Friday, December 11, 2015

The Case Against Us And How We Argue

Ted Cruz was on NPR this morning. I’ve gotta say, he's one of the most evasive politicians I've heard in a long while. He kept referring vaguely to "satellite data," and saying that globe has not warmed in the past seventeen years, without ever explaining what data he was actually referencing. By the time the interview had concluded, I knew that Ted Cruz's parents were some sort of computer scientists. I knew that his dad was a teenage immigrant. I knew that he believed the climate change issue to be nothing more than a vehicle for big government to snatch control of the private sector.
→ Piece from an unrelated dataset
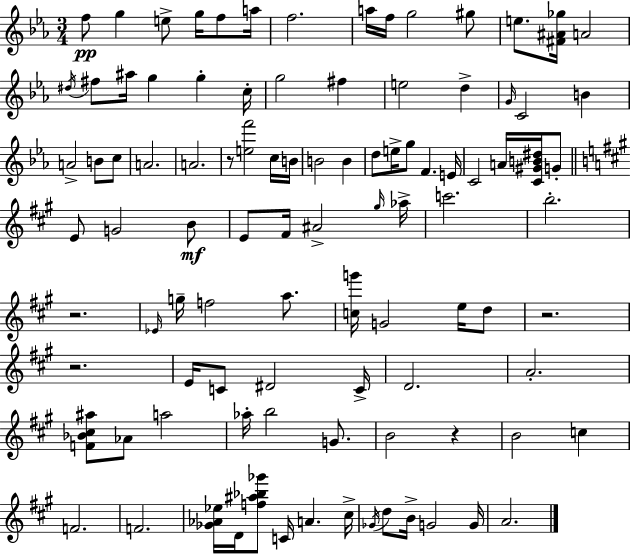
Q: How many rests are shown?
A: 5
But in an interview to discuss climate change, I had no idea where Cruz was getting his data regarding climate change.

This is what comes up when you Google,
"Ted Cruz's Stupid Face"
So I went looking. And, from what I can find, it seems like Mr. Cruz is intentionally cherry-picking data. And he’s not even being particularly clever about it. [Btw: If anyone can point me to contrary information, I would be grateful because I couldn’t find any].

For those who don’t want to read the linked article, 1998 was an extraordinarily warm year due to a large global El-Nino-Southern Oscillation event—basically a strange fluke which caused the global temperature to drastically spike way more than it otherwise would have.

Cruz starts his calculations from 1998. So when he says, “the globe hasn’t warmed in 17 years,” he starts from a bogus, biased position and ignoring data from any previous decade.

This would be like if I started calculating my GPA in my sophomore year so that my F in freshman year algebra wouldn’t count.

How is he getting away with this?
It’s because he has a pretty compelling point about the way climate change is discussed. Cruz points out that anyone who doesn’t ascribe to the consensus opinion about climate change is labeled as a climate change “denier.” He correctly identifies this as religious language. If you don’t believe in climate change, you’re a heretic. But, as he pointed out, that’s not how the scientific method works. People should be constantly challenging and testing the established scientific consensus.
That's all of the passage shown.